Ah, I'm excited to see someone else rocking the powerfist clamps / tools... good show.... some of that stuff is 1/2 decent... and like 1/2 the price too....


----------



## MikeNeal (Feb 24, 2017)

Deegatron said:


> Ah, I'm excited to see someone else rocking the powerfist clamps / tools... good show.... some of that stuff is 1/2 decent... and like 1/2 the price too....



these c clamps are tough. i can put some serious force into them with no issues



carved the neck and tummy cut on the 7 string.













feels great so far.


----------



## MikeNeal (Mar 1, 2017)

routed the neck pocket and pickup cavities on the 6 string





and i fit the hardware and strung up the 7 string. going to let it sit under tension for a week then finish sand and oil the guitar


----------



## Mr_Mar10 (Mar 2, 2017)

What a lovely pair 

Look forward to seeing them complete.


----------



## MikeNeal (Mar 5, 2017)

worked on the 6 string, trying to get it caught up to the 7 string
i drilled the neck and body for the bolts









then i drilled for the bridge. Limba can be a pain in the ass to drill, even with a drill press, on a good day. so i have a bit of tear out for the ferrules, but the hipshot ferrules will cover the tear out i think









then i started carving the neck profile









applied some oil to see how it would look, i think it looks awesome





heres how it sits so far


----------



## BlackMastodon (Mar 7, 2017)

Damn, the back of the neck looks great. Also love the profile change from D to V cool.


----------



## electriceye (Mar 7, 2017)

Looking awesome!


----------



## MikeNeal (Mar 7, 2017)

BlackMastodon said:


> Damn, the back of the neck looks great. Also love the profile change from D to V cool.

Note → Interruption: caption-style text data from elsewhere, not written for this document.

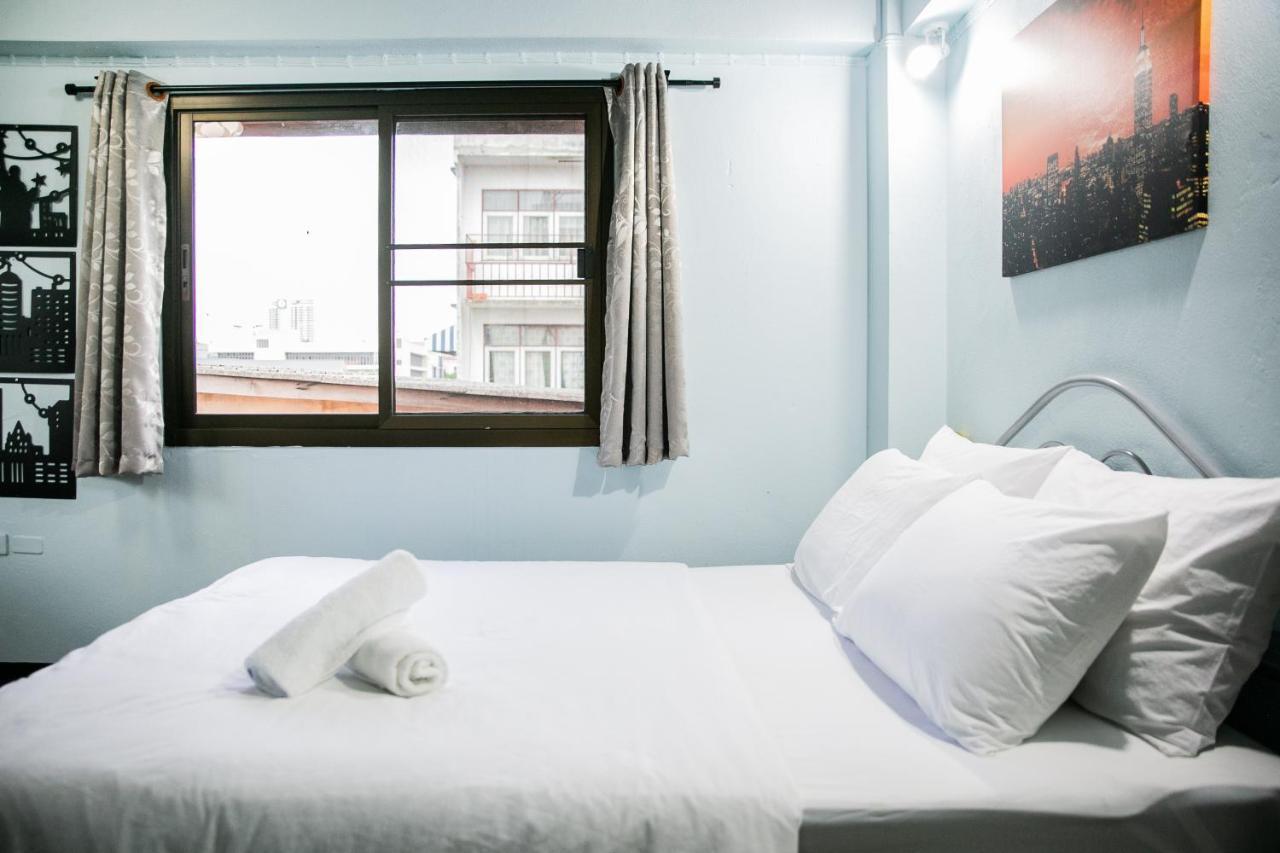 Bangkok Canale Home At Khaosarn المظهر الخارجي الصورة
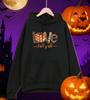 Love Happy Halloween Print Male Hoodie Casual Oversized Streetwear Pocket Fleece Hoody Hip Hop Multicolor Mens Pullover
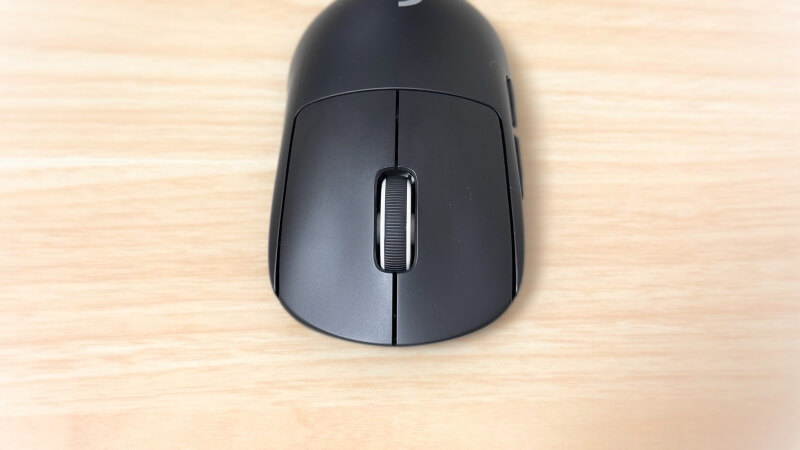 G PRO X SUPERLIGHT 2のホイール
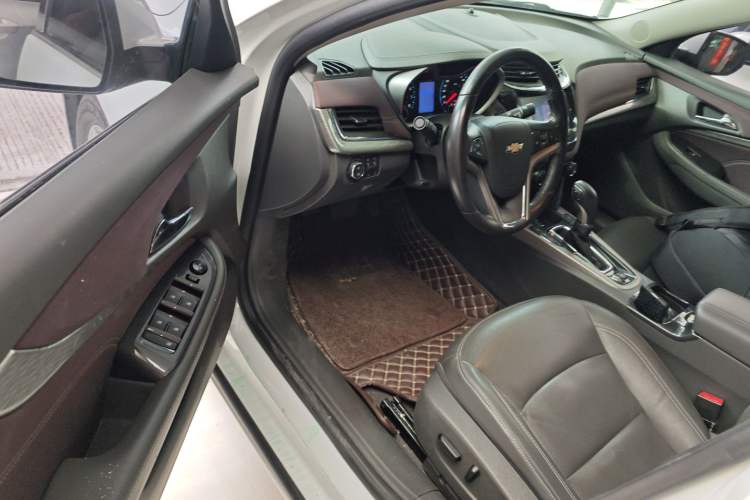 Used Chevrolet Malibu 2018 530T Automatic Fashion Edition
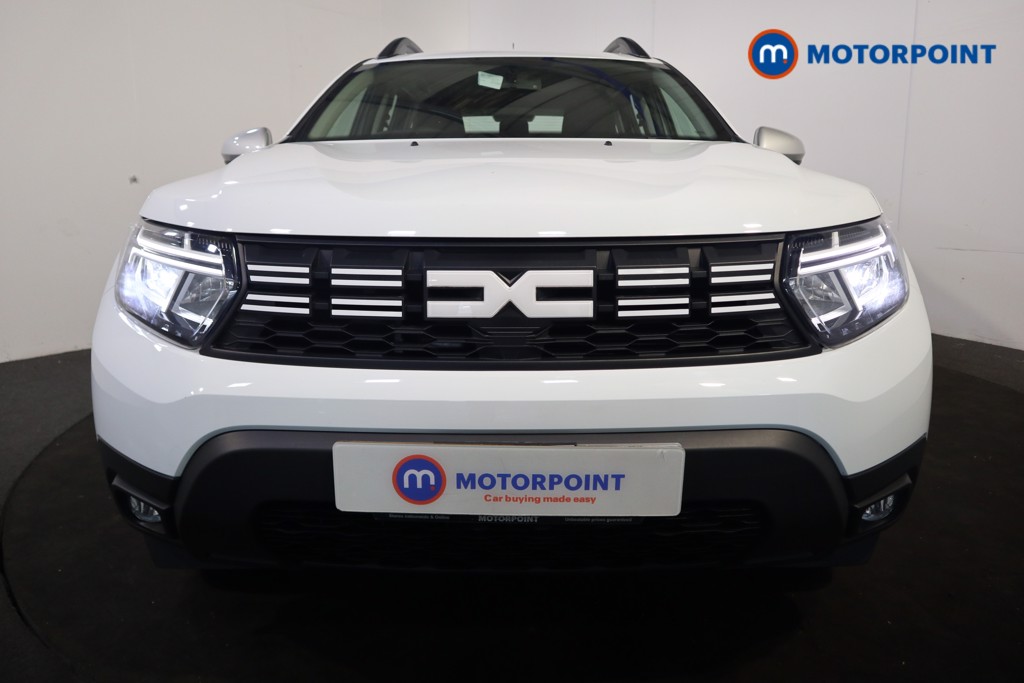 Dacia Duster Expression Manual Petrol SUV - Stock Number (1550818) - 22nd supplementary image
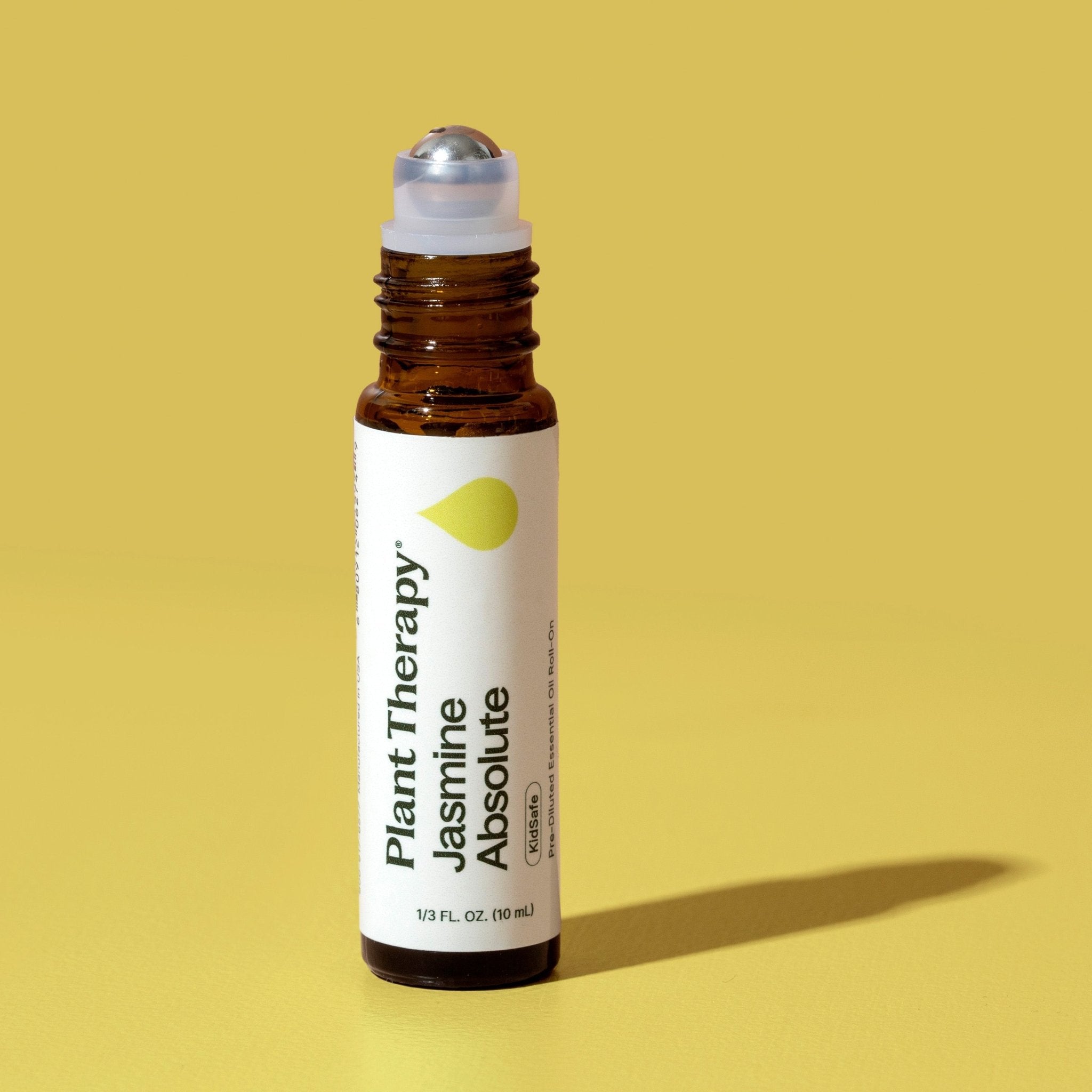 Jasmine Sambac Pure Absolute Pre - Diluted Roll - On Plant Therapy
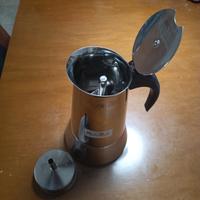 Caffettiera e Tisaniera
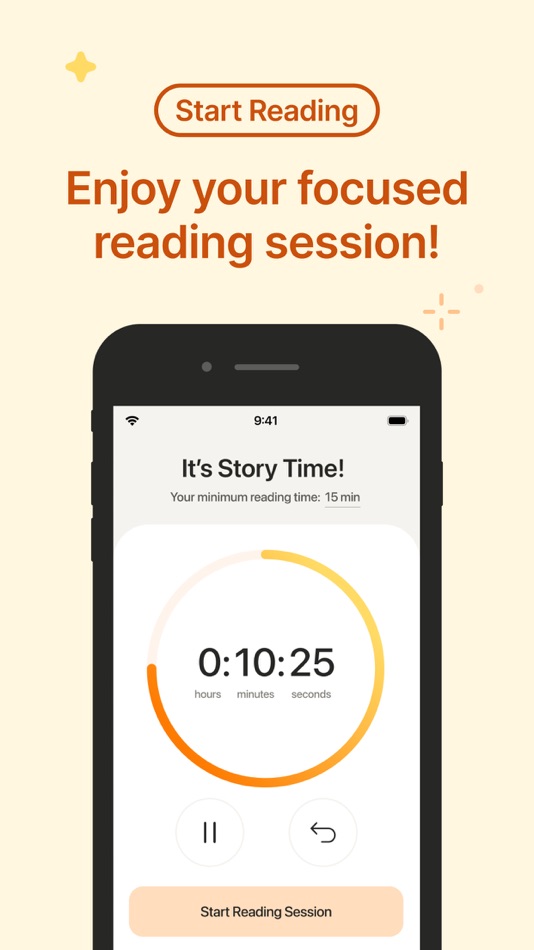 #3. Reading Tracker - Readmo (iOS) By: Tadas Petrikas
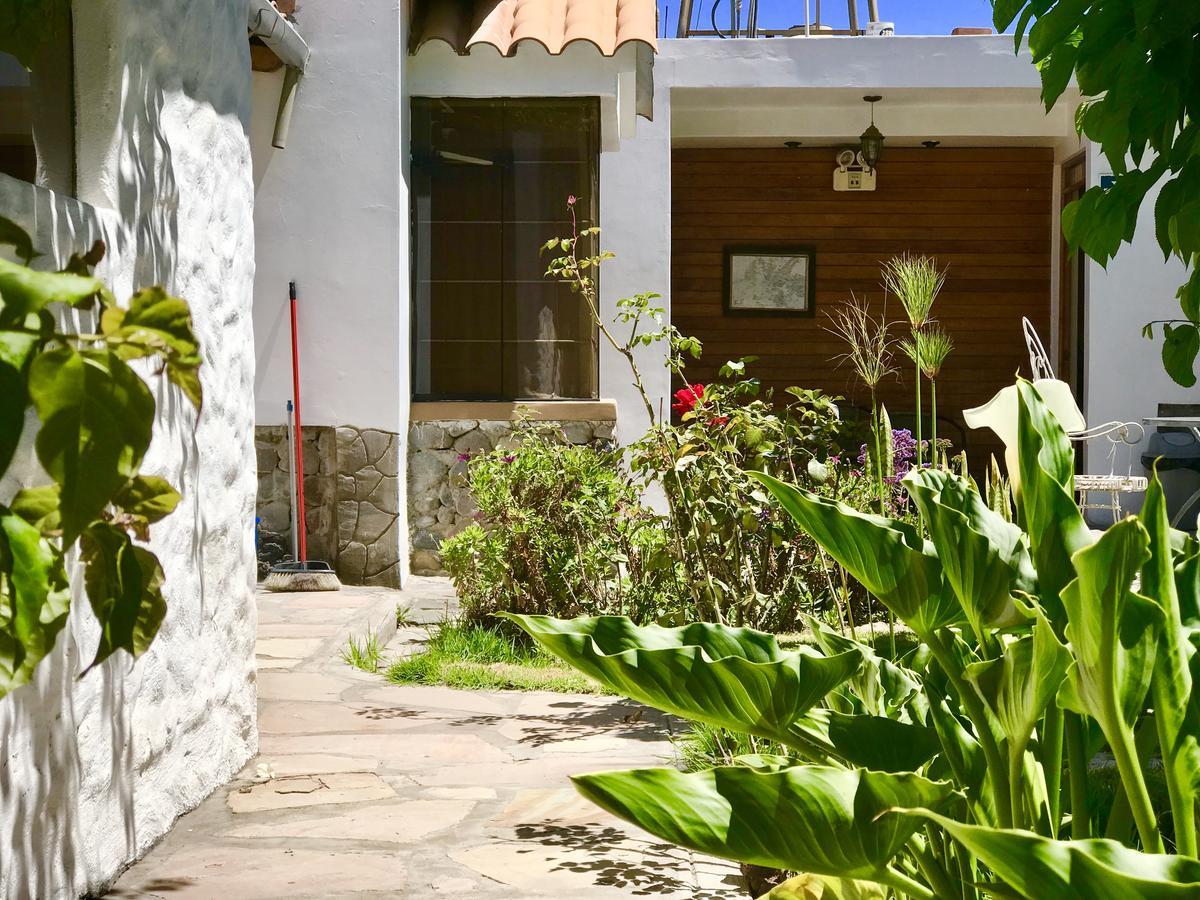 Grace Valley Hotel Arequipa Exterior foto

Yeah it moves from a hard v to a soft v. But the soft v is more pronounced on the set neck. I find v shaped necks really comfortable. My hand seems to sit perfectly on it


----------



## MikeNeal (Mar 17, 2017)

Did the finish sanding and first coat on oil on the 7 string.
Feeling pretty meh about this one


----------



## electriceye (Mar 17, 2017)

You mentioned the tear out with the limba. What drill bits are you using? I just got my hands on a body blank and long board, so looking forward to being able to use them some day.


----------



## MikeNeal (Mar 18, 2017)

I used just normal drill bits. A spade or forstener may yeild better results. I have to drill one more hole in the limba, I'll use a spade bit and see if I get less tearout


----------



## electriceye (Mar 18, 2017)

MikeNeal said:


> I used just normal drill bits. A spade or forstener may yeild better results. I have to drill one more hole in the limba, I'll use a spade bit and see if I get less tearout



I just got a set of brad points, so I'll test those out on a piece of scrap. I believe those will results in less tearout. The forstners should work for you. They're really nice.


----------



## MikeNeal (Mar 19, 2017)

carved the 6 string, finish sanded and oiled the body


----------



## trebal (Mar 19, 2017)

Good work!


----------



## MikeNeal (Mar 20, 2017)

tiny update. 
put the first coat of finish on the 6 string neck





going to do the control cavity covers, 2nd coat of oil, and assembly this week hopefully


----------